### DIRECTIONS:
Among the entries below, find the lines that hold the word "Airport" and report them.

++++ TASK MATERIAL ++++

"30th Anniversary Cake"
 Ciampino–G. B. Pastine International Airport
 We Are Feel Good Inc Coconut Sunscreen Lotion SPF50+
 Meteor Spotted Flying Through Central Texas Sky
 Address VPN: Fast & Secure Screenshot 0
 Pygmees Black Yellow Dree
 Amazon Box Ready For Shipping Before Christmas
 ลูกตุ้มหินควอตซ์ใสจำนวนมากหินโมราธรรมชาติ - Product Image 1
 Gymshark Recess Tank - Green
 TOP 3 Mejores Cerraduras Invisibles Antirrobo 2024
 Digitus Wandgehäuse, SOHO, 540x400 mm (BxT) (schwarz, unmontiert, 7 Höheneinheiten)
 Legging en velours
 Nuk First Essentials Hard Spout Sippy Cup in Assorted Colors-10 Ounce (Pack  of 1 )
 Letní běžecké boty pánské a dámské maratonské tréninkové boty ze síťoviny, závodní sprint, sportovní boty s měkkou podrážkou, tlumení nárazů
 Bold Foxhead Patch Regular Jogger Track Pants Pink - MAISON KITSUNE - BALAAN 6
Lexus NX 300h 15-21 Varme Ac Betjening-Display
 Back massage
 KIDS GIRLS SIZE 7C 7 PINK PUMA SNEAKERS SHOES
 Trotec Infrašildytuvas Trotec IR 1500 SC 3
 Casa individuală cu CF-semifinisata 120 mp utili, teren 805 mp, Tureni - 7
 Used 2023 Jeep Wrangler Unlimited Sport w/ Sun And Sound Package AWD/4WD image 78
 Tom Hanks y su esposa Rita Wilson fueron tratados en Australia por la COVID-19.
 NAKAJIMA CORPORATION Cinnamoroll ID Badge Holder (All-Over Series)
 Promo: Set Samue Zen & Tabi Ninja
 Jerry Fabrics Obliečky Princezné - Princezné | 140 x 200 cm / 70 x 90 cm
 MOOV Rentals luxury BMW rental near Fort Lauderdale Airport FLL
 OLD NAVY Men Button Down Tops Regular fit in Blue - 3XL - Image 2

++++

### OUTPUT OF THE TASK:
 Ciampino–G. B. Pastine International Airport
 MOOV Rentals luxury BMW rental near Fort Lauderdale Airport FLL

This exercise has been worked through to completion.